=== What is expected ===
Every line from the one with "Maison - 320 m² - 9 pièces" through the end of the material below, both ends included, should be transcribed exactly, without pictures.

=== Collected material ===

[Start of Attachment]

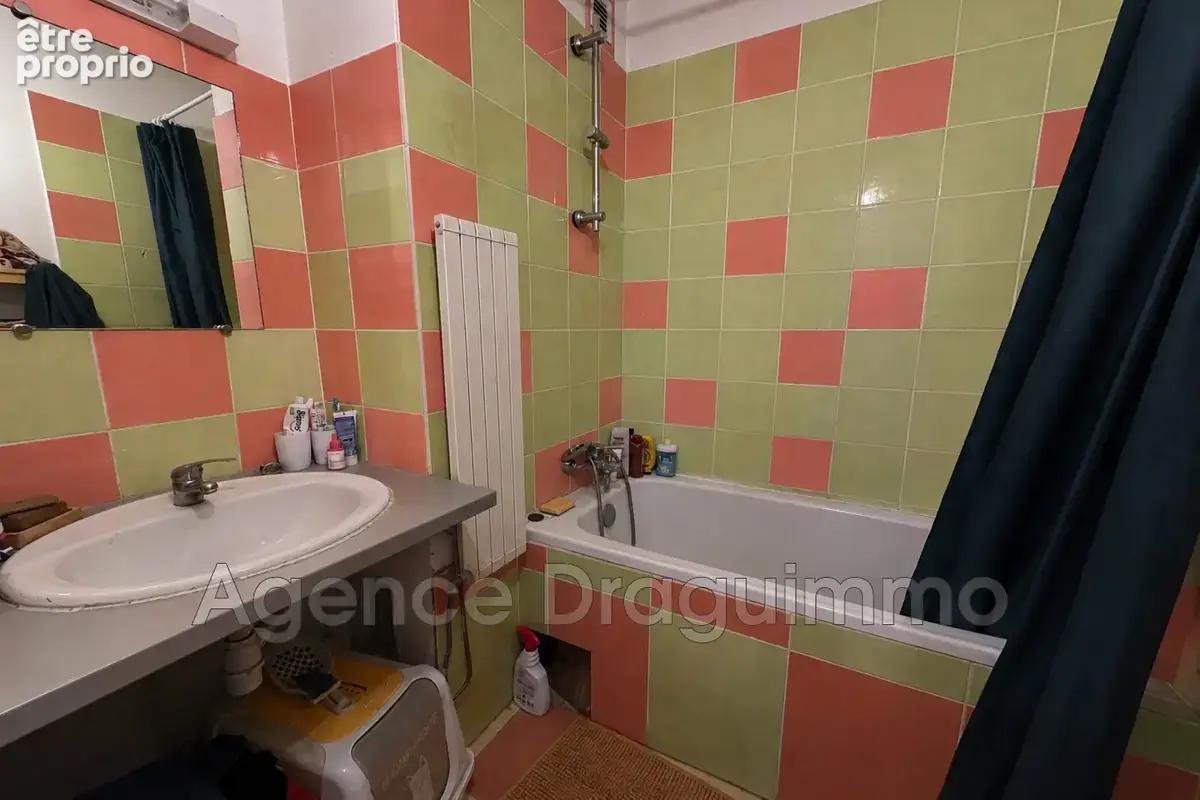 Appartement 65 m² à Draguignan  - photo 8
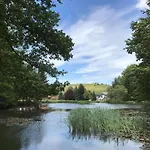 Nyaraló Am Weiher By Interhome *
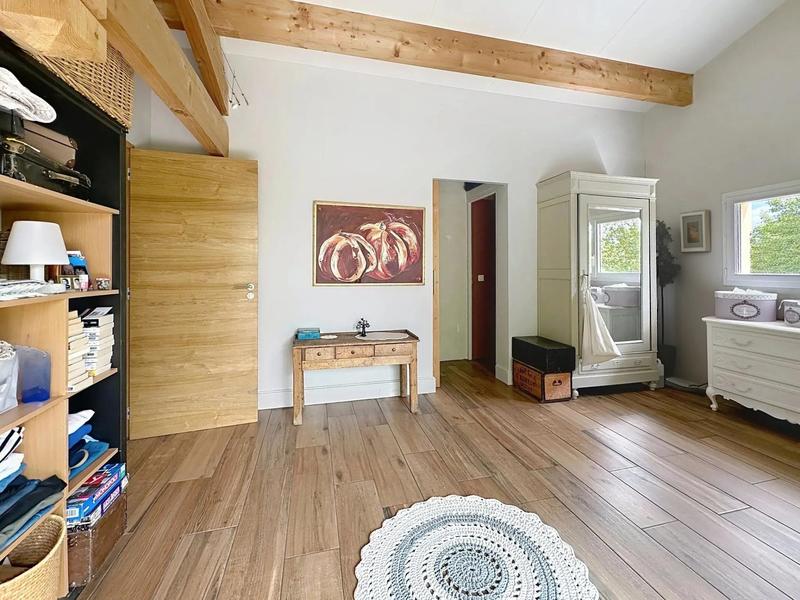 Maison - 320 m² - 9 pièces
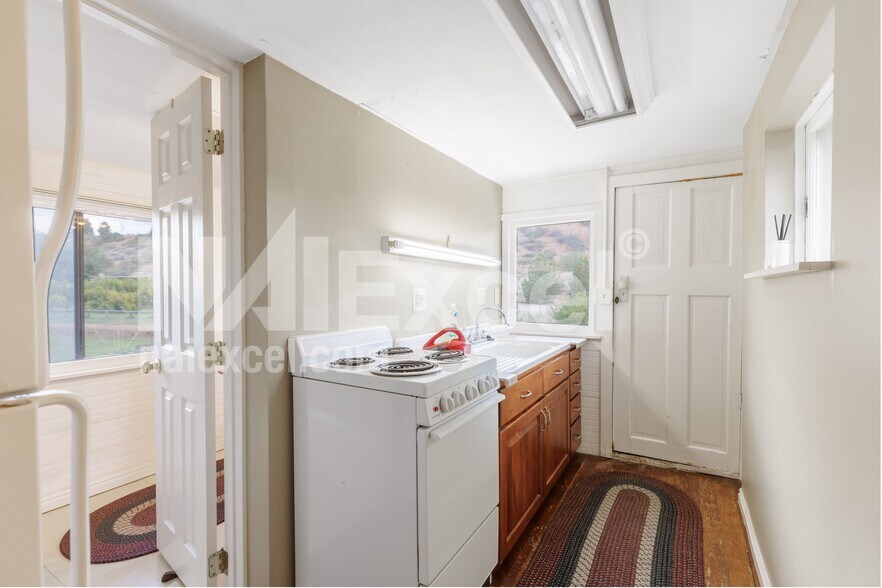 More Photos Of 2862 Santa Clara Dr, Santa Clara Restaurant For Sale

[End of Attachment]

=== Your response ===
 Maison - 320 m² - 9 pièces
 More Photos Of 2862 Santa Clara Dr, Santa Clara Restaurant For Sale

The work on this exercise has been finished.